▸ **AVAILABLE DATA**
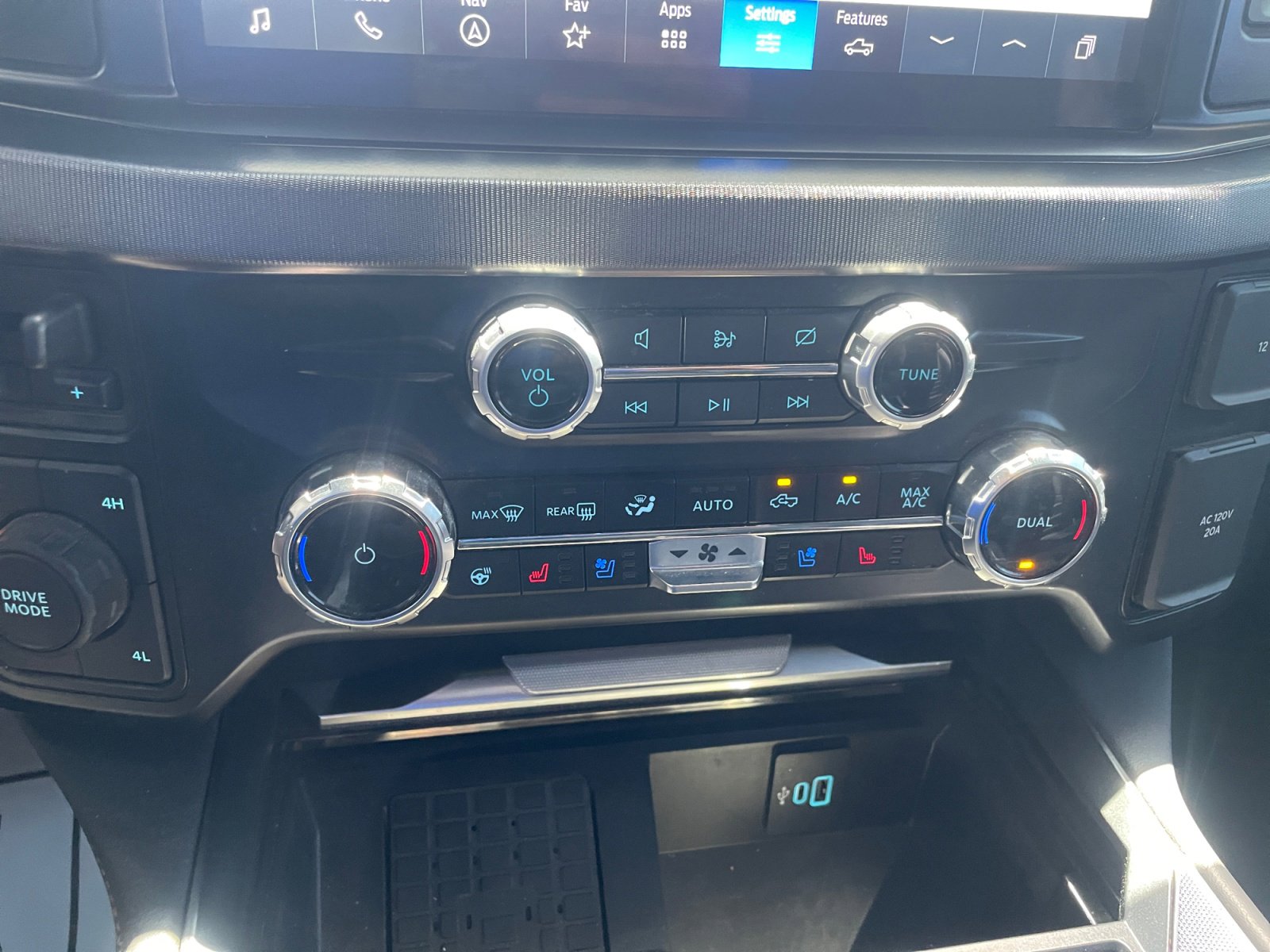 Certified 2024 Ford F450 Platinum w/ FX4 Off-Road Package AWD/4WD image 24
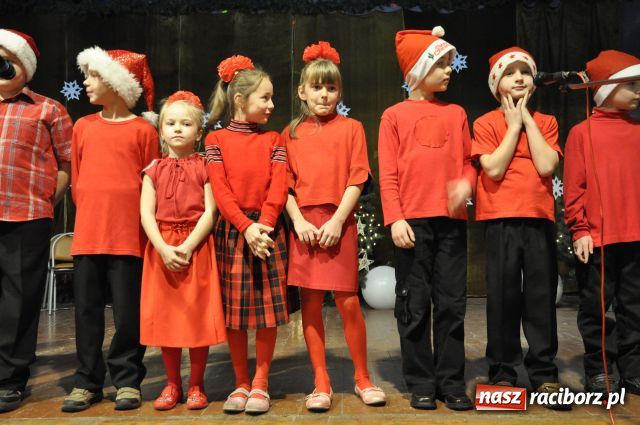 Zdjęcie w galerii na portalu naszraciborz.pl: Tłumy na kiermaszu w Krzanowicach wiadomości z regionu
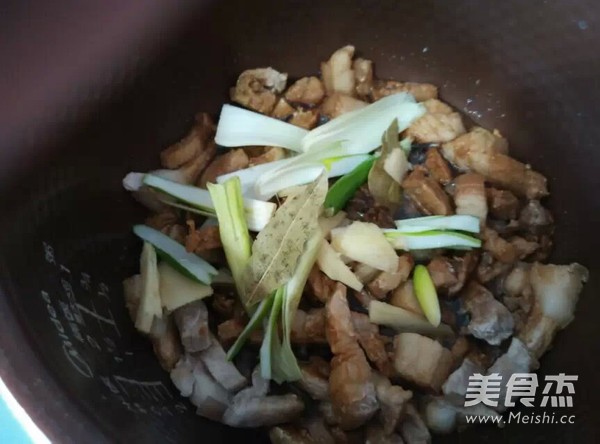 卤蛋红烧肉的做法步骤:9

▸ **WHAT TO WORK ON**
Set down the entire material verbatim, with each picture left out.

▸ **SOLUTION TO THE PROBLEM**
 Certified 2024 Ford F450 Platinum w/ FX4 Off-Road Package AWD/4WD image 24
 Zdjęcie w galerii na portalu naszraciborz.pl: Tłumy na kiermaszu w Krzanowicach wiadomości z regionu
 卤蛋红烧肉的做法步骤:9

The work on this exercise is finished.